> [PROVIDED RECORDS]:
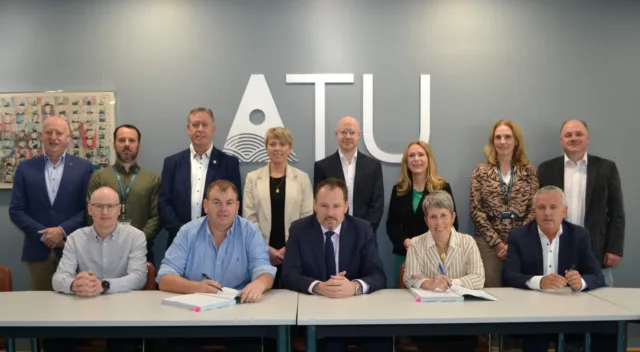 ATU and Donegal ETB Sign Contract for New Apprenticeship Training Facility in Letterkenny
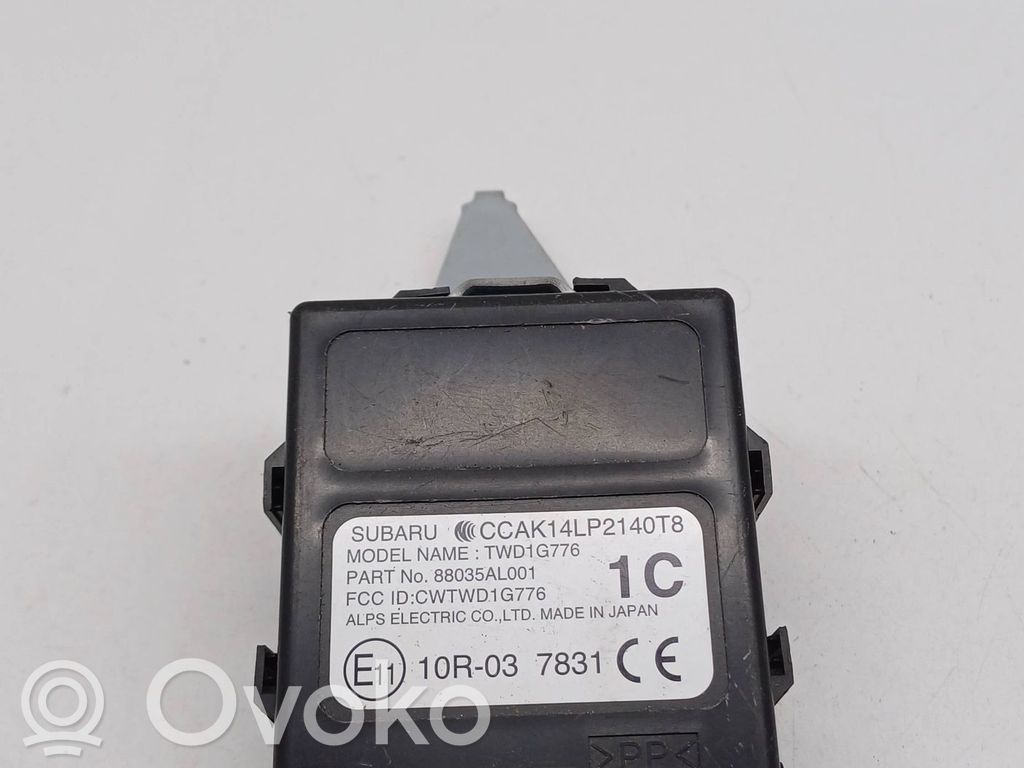 Subaru Forester SJ Other control units/modules 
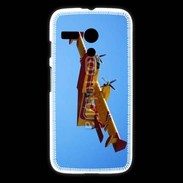 Coque Motorola G Avion Bombardier d'eau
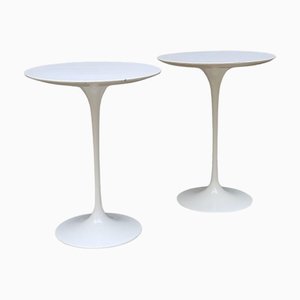 Tables d'Appoint Tulip attribuées à Eero Saarinen pour Knoll, États-Unis, 1960s, Set de 2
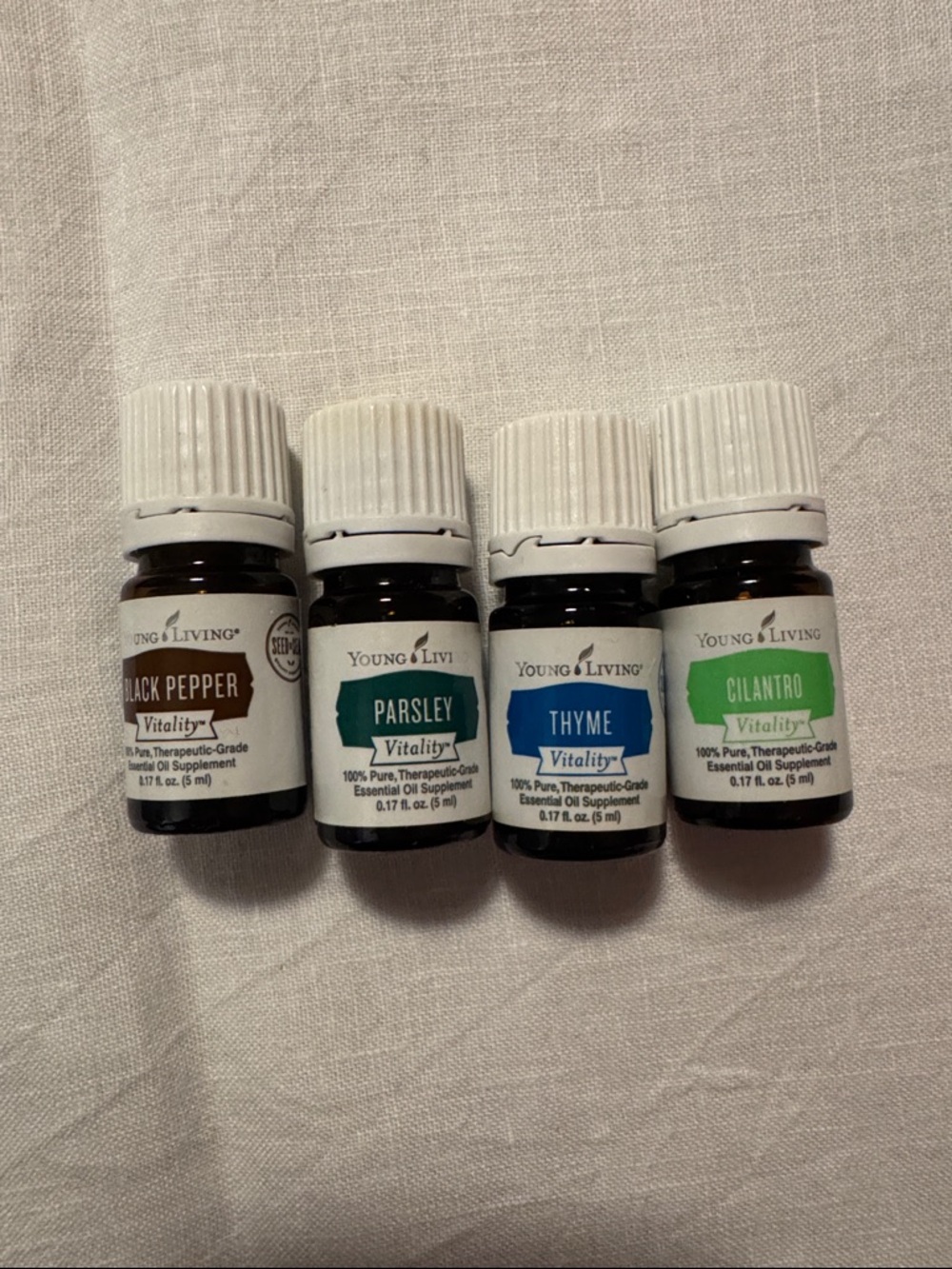 Young Living Vitality Essential Oils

> [TASK DETAILS]: No pictures should appear in the copy, and each record above is to be returned exactly.

> [TASK RESULT]:
 ATU and Donegal ETB Sign Contract for New Apprenticeship Training Facility in Letterkenny
 Subaru Forester SJ Other control units/modules 
 Coque Motorola G Avion Bombardier d'eau
 Tables d'Appoint Tulip attribuées à Eero Saarinen pour Knoll, États-Unis, 1960s, Set de 2
 Young Living Vitality Essential Oils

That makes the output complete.